Тот же, видимо, наиболее древний вариант «безобидного юродства» мы находим в другом житии, относящемся к V в., – легенде о поваре Евфросине [CVII] (BHG, 628):
Его презирали как простеца и доверили ему единственно только заботу о кухне. Он совершил много тайных дел [добродетели]… Всем он показывался грязным после поварской работы и в жалкой одежде [CVIII].
Покрывшись угольной сажей, словно облачившись в роскошную одежду… он ежечасно подвергался со стороны всех прилюдным укорам и притеснениям. Его презирали все и во всём, словно ненавистного изверга. Случалось, что его колотили и называли негодным рабом; его томили голодом и жаждой, но каждый день он записывал себе в прибыль замечательные выгоды, а именно те поношения, которые он ото всех получал, принимая их, словно похвалы [CIX].
Однажды благочестивый пресвитер монастыря увидел во сне рай, в котором он, к своему изумлению, встретил Евфросина. Оказалось, что тот служит там сторожем, в то время как пресвитер попал туда впервые после трёх лет неустанных подвигов. По просьбе пресвитера Евфросин дал ему три райских яблока, которые после пробуждения оказались в келье. Пресвитер бросился в церковь и сказал монахам:
«Молитесь… у нас в монастыре есть драгоценная жемчужина – Евфросин. Мы презирали его как неуча, а он более всех нас удостоен благодати Божьей»… А Евфросин, тот повар, когда пресвитер начал рассказывать… открыл боковую дверь, вышел из церкви и никогда до сего дня не появлялся, убегая славы людской [CX].
В другом варианте этого же рассказа (BHG, 1440md) некоему старцу, вопрошавшему Бога, кто сравнится с ним в святости, открылось, что в соседнем монастыре есть такой инок. Старец прибыл в обитель и попросил, чтобы к нему вывели всех монахов.
И по приказу игумена пришли все братья. Но не было того, о котором было возвещено старцу. И вопросил он: «Есть ли ещё какой брат?» И ответил [игумен]: «Да,но он безумен (σαλός έστι) и работает в саду». Сказал старец: «Позовите его». Его позвали, и когда он явился, старец встал, облобызал его и, отойдя с ним в сторону, спросил: «В чём состоит твой подвиг? Расскажи мне!» Он же ответил: «Я – человек безумный (άνθρωπος σαλός είμι)» Но после настоятельных просьб старца он открыл ему: «Авва поместил со мною в мою келью рабочего быка, и тот каждый день рвёт вервии той циновки, которую я плету. Уже тридцать лет я терплю это и ни разу не попустил себе никакого помысла против аввы, а также ни разу не ударил быка. Проявляя долготерпение, я снова плету свои верёвки и благодарю Бога». Услышав это, старец подивился [26].

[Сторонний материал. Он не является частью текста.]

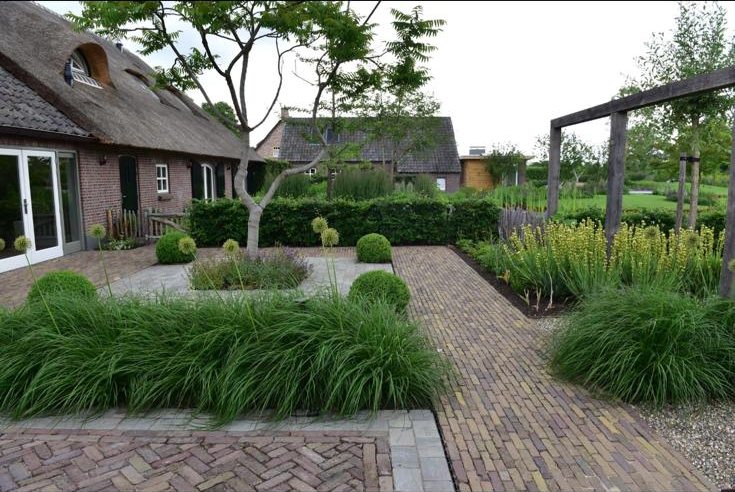 Aangelegde tuin met siergrassen, taxusbollen, sierbestrating en pergola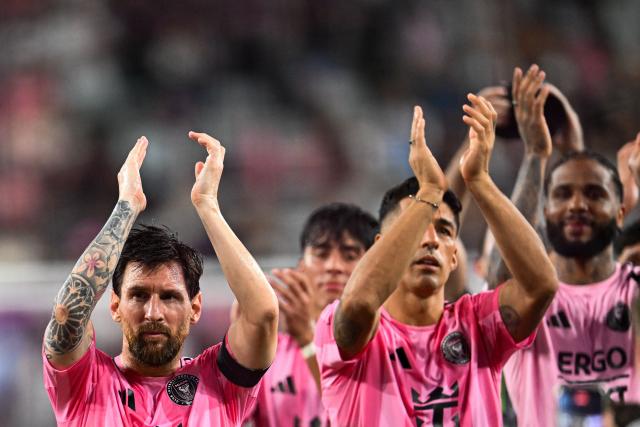 Inter Miami's Argentine forward #10 Lionel Messi (L) and Uruguayan forward #09 Luis Suarez applaud to the crowd at the end of a Major League Soccer (MLS) regular season football match between Inter Miami CF and DC United at Nu Stadium in Miami, Florida, on October 10, 2026. (Photo by CHANDAN KHANNA / AFP)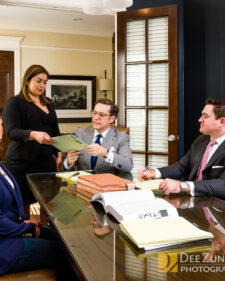 Branding photo showing lawyers at a conference table in Houston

Так, шаг за шагом, рассказ о тайной святости трансформируется в повесть о людской слепоте: ведь настоящее юродство немыслимо без такого фона, как людская жестокость. Пока что тайный святой никак специально не провоцирует агрессии против себя. Но всё-таки и в ранних легендах уже таится в эмбрионной форме тот мощный заряд, который потом разлетится далеко за пределы монастырских кухонь. Развитие этих агрессивных потенций демонстрируют другие истории, сюжетно чем-то напоминающие тавеннисиотскую. Вот одна из них.

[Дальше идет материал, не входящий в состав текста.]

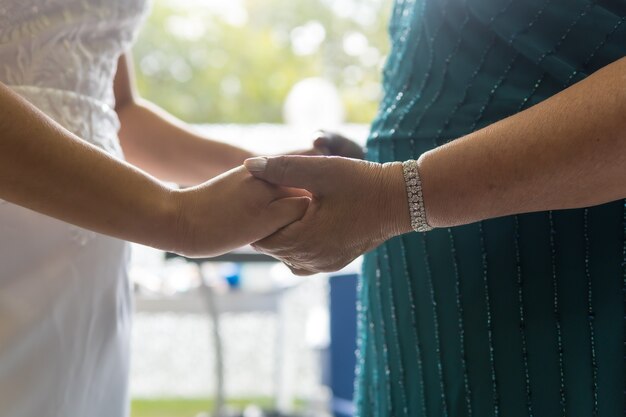 Madre de la novia dando las manos a la novia en la mañana antes de la ceremonia, fotos en la celebración de la boda.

В «Рассказах аввы Даниила» повествуется, как старец с учеником явились в женский монастырь и попросились переночевать (BHG, 2101). Их долго не пускали, но громкая слава Даниила растопила подозрительность. Во дворе обители спала какая-то монахиня. Старцу объяснили: «Это пьяница. Что делать с ней – не знаем: выбросить из монастыря боимся, а коли оставим, так она испортит [CXI] сестёр». На «пьяницу» плеснули водой, но она лишь с трудом продрала глаза. «Вот так всегда», – в сердцах сказала игуменья и повела гостей в трапезную.